De plus, Mermoz Academy-Tours possède son propre centre de maintenance, ce qui est un avantage quand on sait qu’il faut changer l’avion toutes les 50 heures de vol (s’il faut compter une heure de vol pour se rendre sur le site technique de Châteauroux et revenir , ce sont tous des frais supplémentaires). Ainsi, les monomoteurs et bimoteurs sont inspectés dans le hangar de l’aéroport et parfois partiellement démontés car l’avion est réaménagé en car scolaire entre Tours et la future Nîmes. Mermoz Academy vient notamment d’acquérir deux avions électriques de la marque slovène Pipistrel. Ces appareils aux allures enfantines disposent d’une autonomie de 40 minutes et s’intégreront prochainement au programme d’entraînement des premiers vols. De quoi réduire l’empreinte carbone forcément colossale d’une telle institution.

D’ailleurs, Stéphane Larrieu tente de déblayer le terrain sur ce point particulier avant de nous poser de nombreuses questions sur le sujet. Le directeur-pilote confirme ainsi que son entreprise fait un « énorme travail de décarbonation », réduisant significativement la consommation de ses avions en achetant de nouveaux appareils ou adoptant des protocoles dits d’éco-pilotage. « Nous sommes passés de 55 litres à l’heure à 20 litres. C’est une vraie préoccupation citoyenne pour nos élèves », plaide le professionnel, qui souhaite également tester rapidement des turbines à hydrogène. Il précise que « d’ici une dizaine d’années, les avions régionaux feront voler cette technologie en raison d’un stockage plus complexe » beaucoup plus longtemps. , mais garantit que « les entreprises feront le premier pas dans la transition énergétique, car le carburant est une dépense énorme. unité. »

Attention aussi au bruit

Également une vigilance sur le bruit

De plus, ces entreprises subissent désormais la pression de clients ou d’écologistes qui accusent l’avion d’être un moyen de transport extrêmement polluant et gagnent peu à peu la bataille de l’opinion publique à mesure que l’on parle de la « honte » de prendre l’avion.

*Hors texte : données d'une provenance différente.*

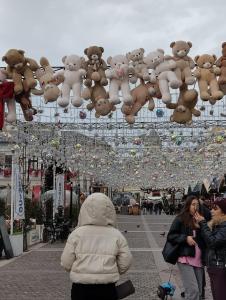 a bunch of teddy bears hanging from a ceiling at Luxury stay in Craiova in Craiova +1 photo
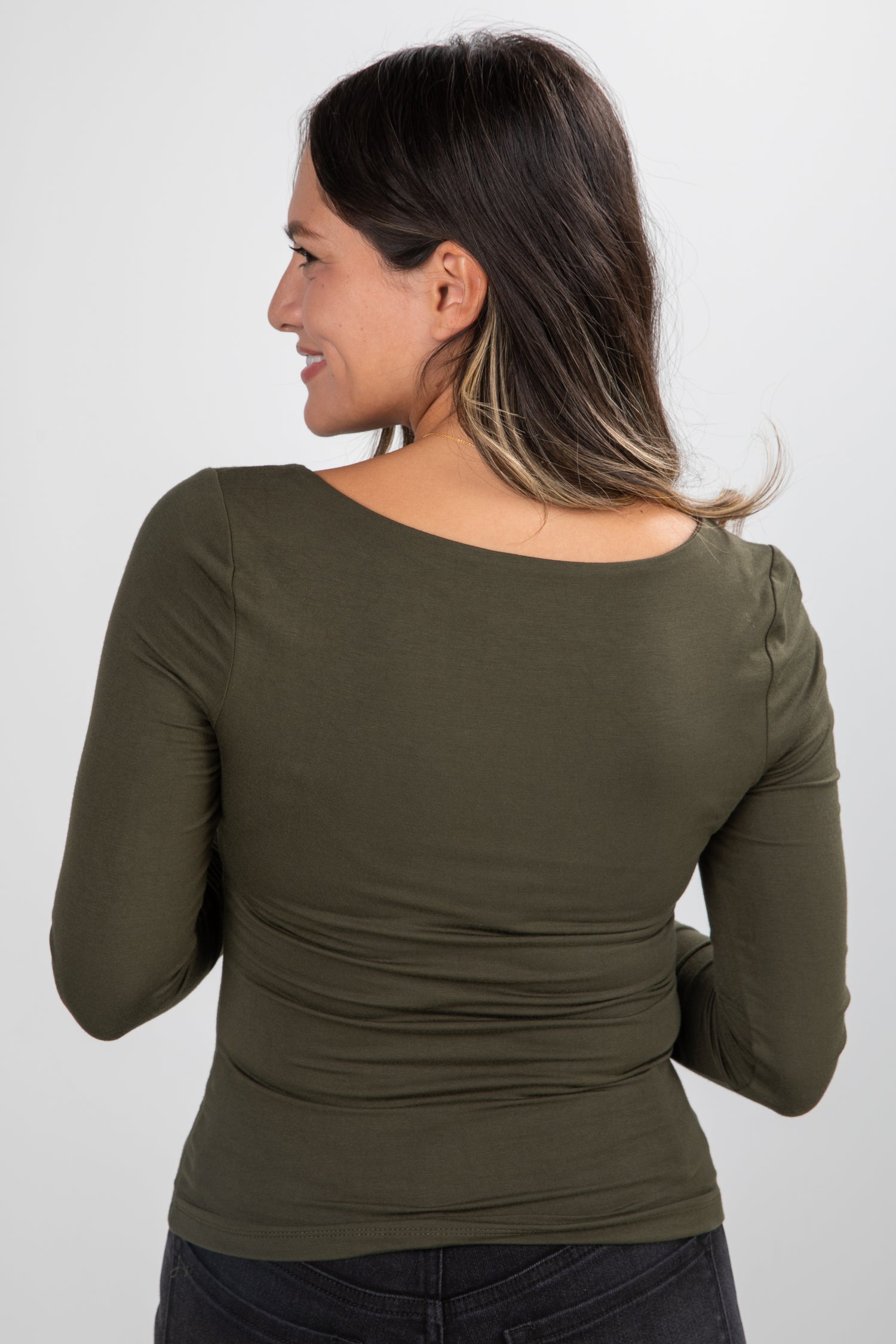 Woman wearing an olive green long-sleeve top against a white background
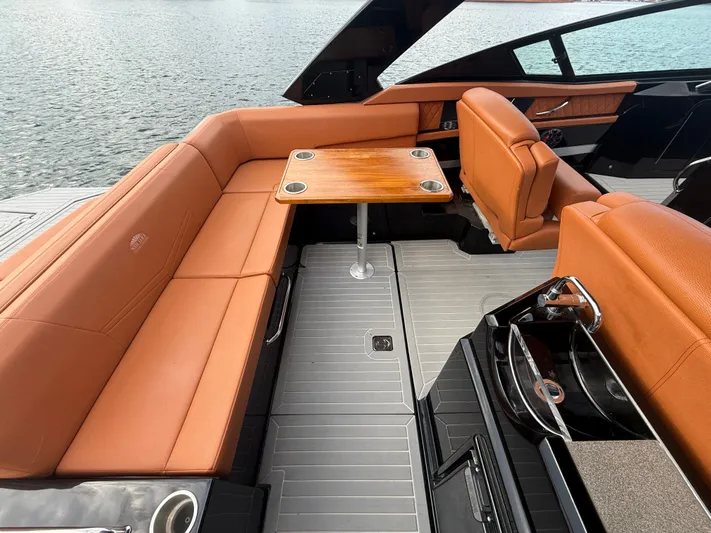  Yacht Photos Pics 2022 Cruisers Yachts 338 CX SB interior with tan seating and wooden table, overlooking water.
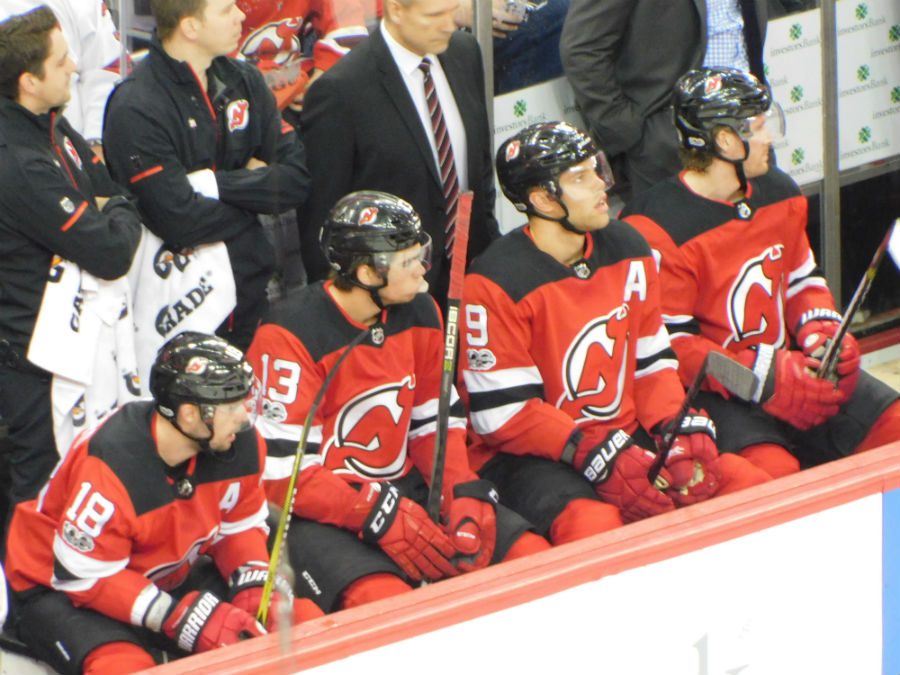 HISCHIER:Hischier is sitting on the bench with his teamates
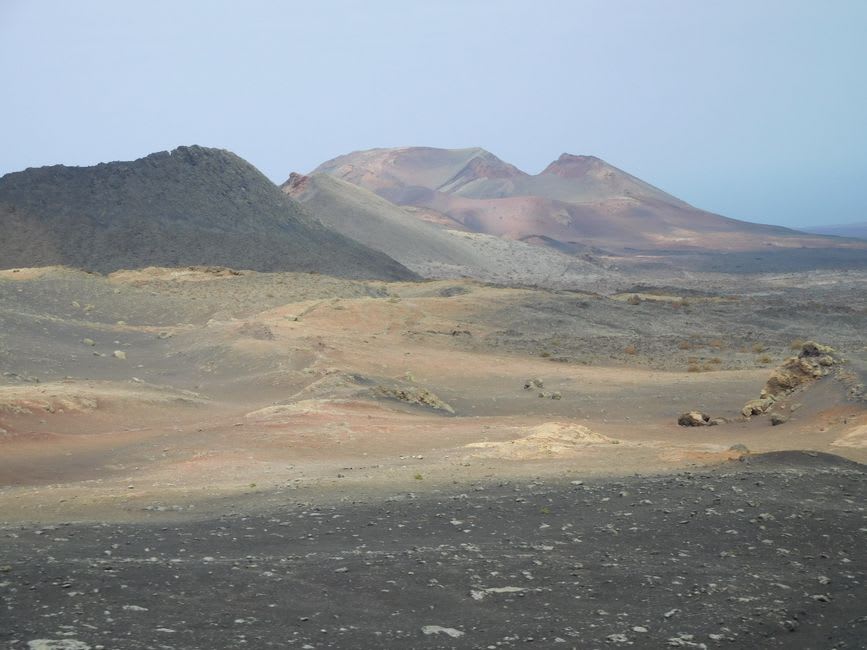 Black lava field stretching toward a volcanic cone in El Pinacate Biosphere Reserve, morning light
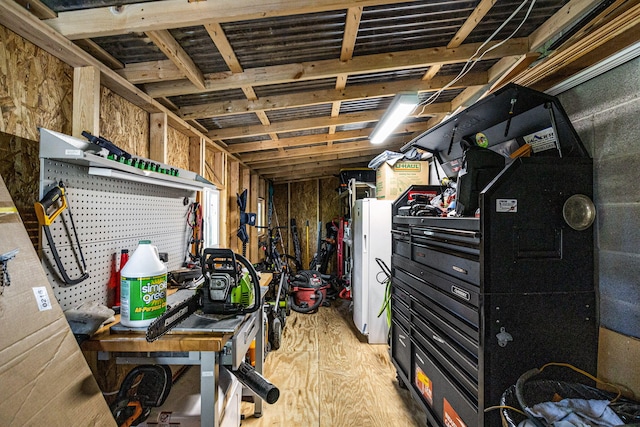 basement with a workshop area and light hardwood / wood-style flooring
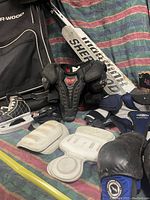 Photo showing lot with skates, sticks, shoulder pads, gloves, protective pads, and large black Sher-Wood bag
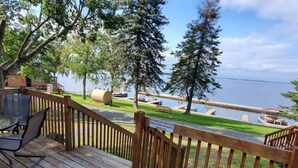 A wooden deck with outdoor seating, a view of the water, and a sign prohibiting charcoal grills.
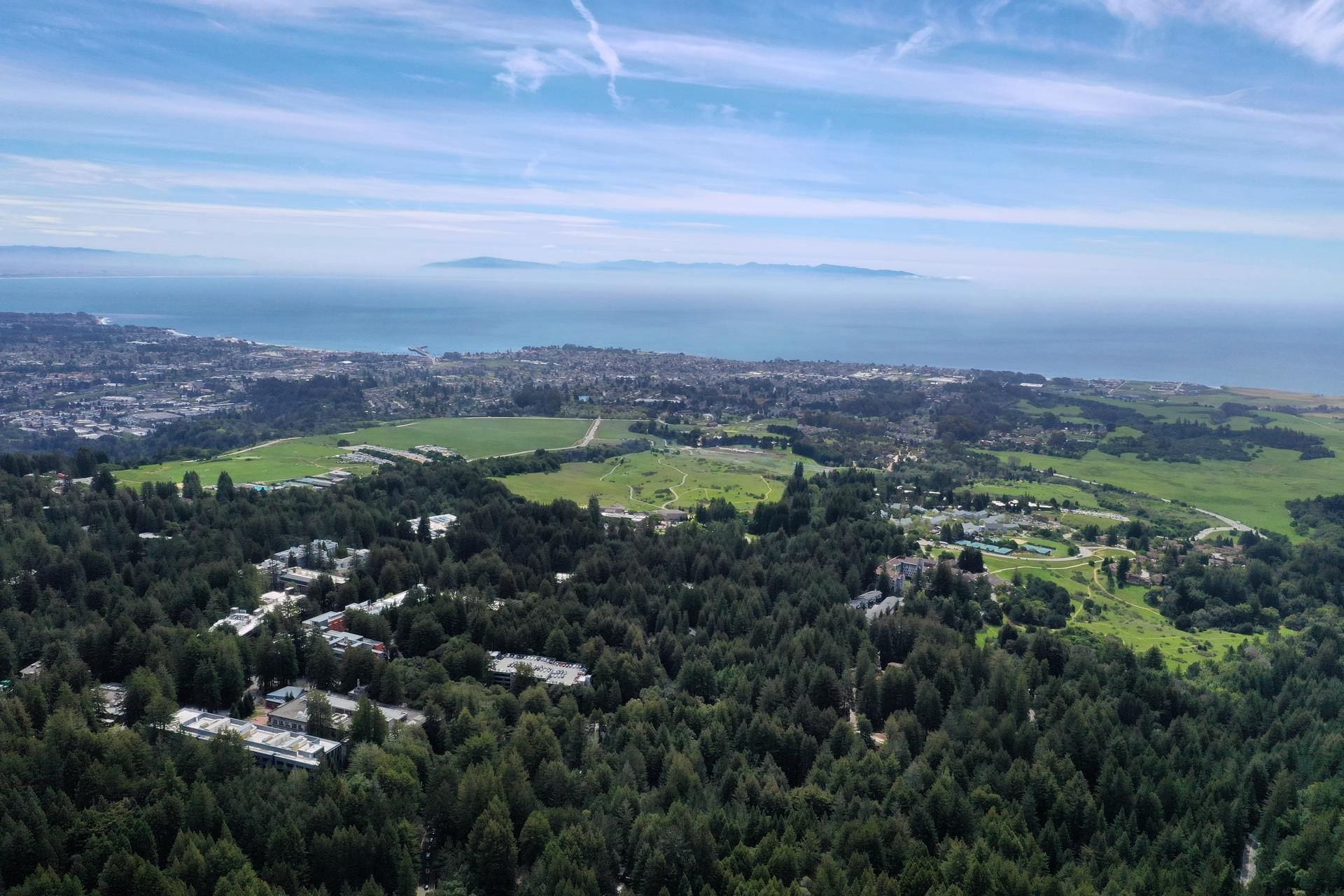 Aerial photo of campus, Monterey Bay and Santa Cruz.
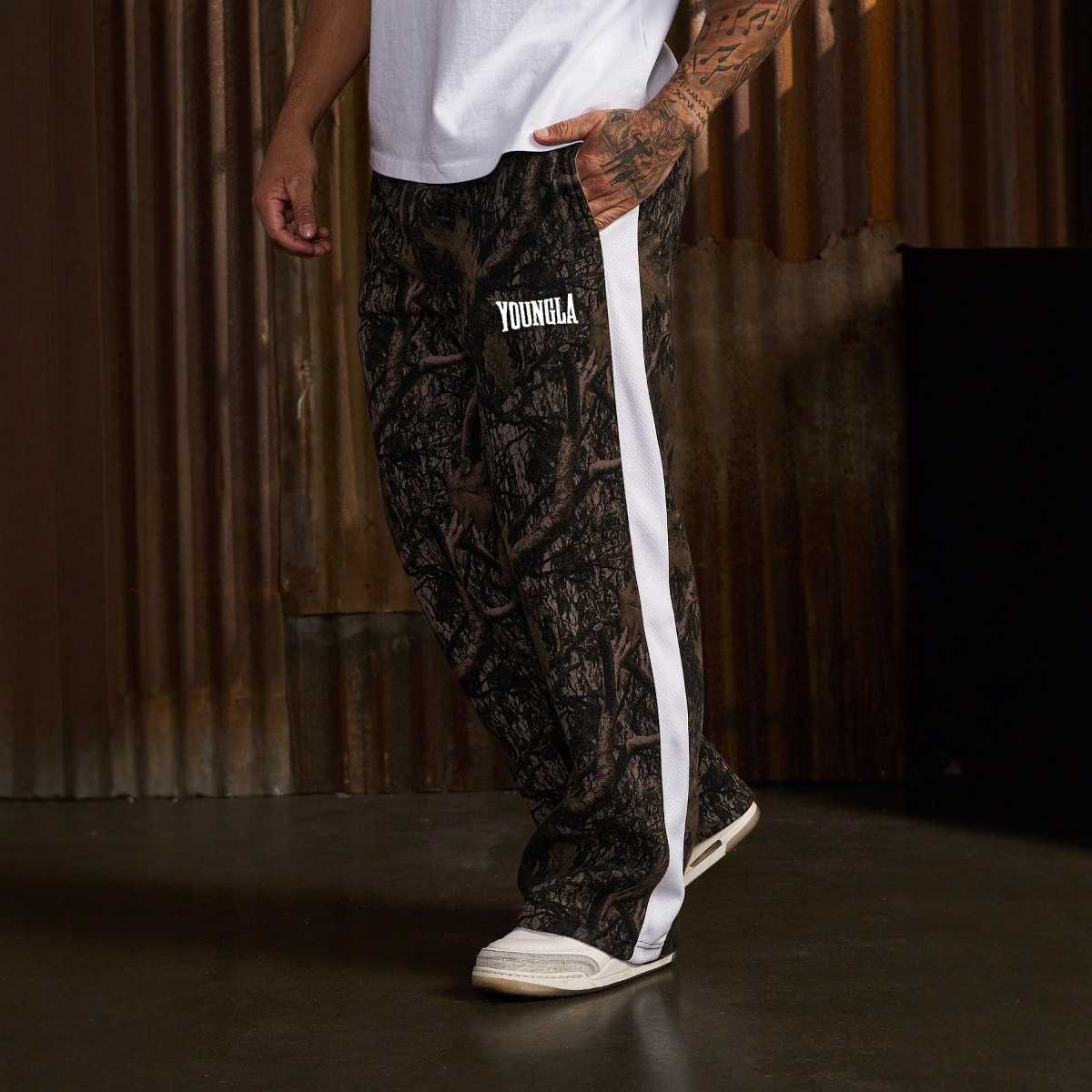 Nuovi pantaloni sportivi da uomo in stile americano con stampe patchwork pantaloni lunghi casual per jogging sport fitness e basket T260924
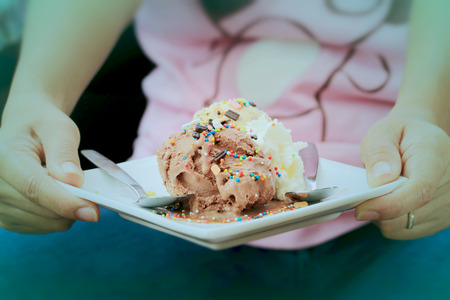 Woman hand hold a dish ice cream.vintage.の写真素材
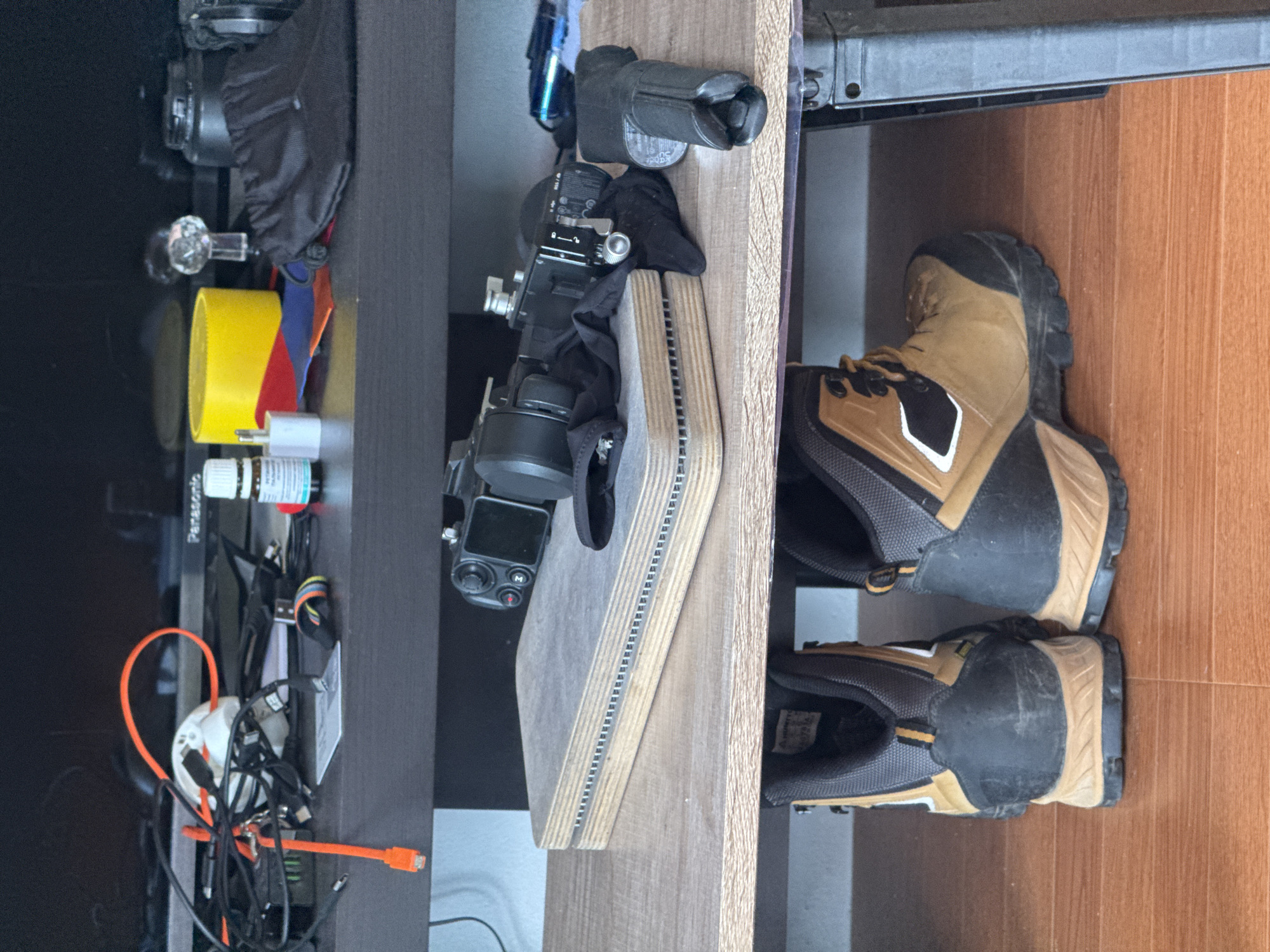 The image depicts an indoor scene, likely a living room or storage area, on the island of Ko Samui in Thailand. The room is sparsely furnished, with items organized on shelves. The top shelf displays a tangle of wires, including an orange ethernet cable, a white device, and a small bottle of essential oil. A yellow cylindrical object, possibly a speaker, and a black fabric pouch are also visible on this shelf.
The middle shelf holds photographic equipment. A camera with a lens is positioned on a flat wooden platform. Nearby, there are black cloth accessories and a black cylindrical object, possibly a lens cap or grip. A blue object, possibly a flash or other accessory, is also present on this shelf.
The bottom shelf displays a pair of brown and black hiking boots, suggesting outdoor activities are a part of the owner's lifestyle. The floor is a warm-toned wooden laminate. The overall impression is one of organized clutter, with a focus on electronics and outdoor gear. There are no people visible in the image.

Cela n’empêche pas Stéphane Larrieu de croire en l’avenir de ce secteur, « probablement l’une des industries qui tourne le coin le plus vite ». Il lui raconte que cela fait 20 ans qu’il a mis en place les réflexes pour économiser 30kg de kérosène lors de l’atterrissage d’un 737 par exemple.

Un autre problème avec Tours est le bruit. Les résidents se plaignent régulièrement des désagréments de l’aéroport. « Notre empreinte sonore est divisée par 4 », précise Stéphane Larrieu, citant encore la modernisation de sa flotte, ainsi que le changement d’altitude de certains exercices, qui sont désormais 150m plus haut pour réduire l’impact. Si l’Aéroport de Tours est régulièrement critiqué pour son existence, Mermoz Academy s’efforce de prouver son utilité en dehors du trafic Ryanair en axant sa communication sur la formation de haut niveau en Touraine. Un équilibre délicat dans le contexte actuel, mais jusqu’à présent l’investissement semble avoir porté ses fruits.